To view this case mod, go here.



 

 

 

 

 

 

 

 

 

 

 

 

 

 

 

 

 

 

 

 

 

 

 

 

 

*Specs:*
» NZXT S340
» Intel Core i7 4770k @4.7ghz 1.28v
» ASUS ROG Maximus VI Extreme
» 2x EVGA GTX 780 SC with ACX SLi
» Corsair Vengeance 16GB @ 1600mhz
» Cooler Master SPH 1300W
» Corsair SP120 x8
» Sandisk Extreme 120GB SSD
» Seagate 500GB HDD
» EK 360XT, Ek 360XTX and XSPC 120 rad
» EK Supremacy EVO Waterblock
» EK Dominator Ram block monarch
» 2X EK-FC Titan water blocks with Backplate
» EK Compression fittings, 90 45 adapter fittings CSQ
» EK top res with pump variable speed
» 3/8 5/8 primochill white tubings

*Mods:*
cut pass through holes with dremel
place custom front side shroud took from HAF 932
created an acrylic shroud for the top front with carbon fiber decal.
took GeForce GTX logo from 980 reference cooler, sanded and place it in top front.
custom mounts for the 2 360 rads
custom sleeves cables
replaced acrylic window with laser cut DAVID RZ logo.
custom strip RGB leds with remote.


----------



## zo0lykas (Apr 13, 2015)

case look awesome, can see lot's of hard job done  well done 

I cant imagine, how you play any games, when your monitors so close to you


----------



## micropage7 (Apr 13, 2015)

nice, although i dont like open fans
the rest looks clean and well arranged


----------



## mhikevin (Apr 13, 2015)

Thank you for the compliment mates. will build another rig soon hopefully it'll be good as well. cheers.


----------



## Heaven7 (Apr 14, 2015)

Totally awesome! How I would love to sit down in that seat...  Love the color scheme, absolutely beautiful. This is gaming luxury. Well done!


----------



## mhikevin (Apr 15, 2015)

Heaven7 said:


> Totally awesome! How I would love to sit down in that seat...  Love the color scheme, absolutely beautiful. This is gaming luxury. Well done!



Thanks mate.. cheers..


----------



## Heaven7 (Apr 15, 2015)

You absolutely deserve the high votes you got!  In one of your pics I can see you entered a competition of some sort... how did it turn out? Seeing your system, it must have been a great success for you!  I'm just being curious. One other thing: your cable management is top notch - even on that rarely seen "backside" you provided of your case, only users very proud of their work show that one as well!  Thank you for sharing it. I'm not a gamer at heart. but if I was, like I said I'd feel proud to take a seat in front of your machine!!!


----------



## mhikevin (Apr 16, 2015)

Heaven7 said:


> You absolutely deserve the high votes you got!  In one of your pics I can see you entered a competition of some sort... how did it turn out? Seeing your system, it must have been a great success for you!  I'm just being curious. One other thing: your cable management is top notch - even on that rarely seen "backside" you provided of your case, only users very proud of their work show that one as well!  Thank you for sharing it. I'm not a gamer at heart. but if I was, like I said I'd feel proud to take a seat in front of your machine!!!

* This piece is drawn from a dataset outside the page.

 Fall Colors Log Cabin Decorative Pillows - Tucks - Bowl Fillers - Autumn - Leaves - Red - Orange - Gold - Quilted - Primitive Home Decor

thank you so much mate.. appreciated. yes I've been in a Geforce Garage Rig building tournament here in Dubai World trade center Film and Comic Con event last week April 10 got the 2nd place and it was my 2nd time join in a competition in UAE. here's a youtube link of the competition. 







again thank you so much and for the vote.


----------



## jaggerwild (Apr 19, 2015)

Nice Rig man ! Great work!


----------



## mhikevin (Apr 20, 2015)

jaggerwild said:


> Nice Rig man ! Great work!


thanks mate..


----------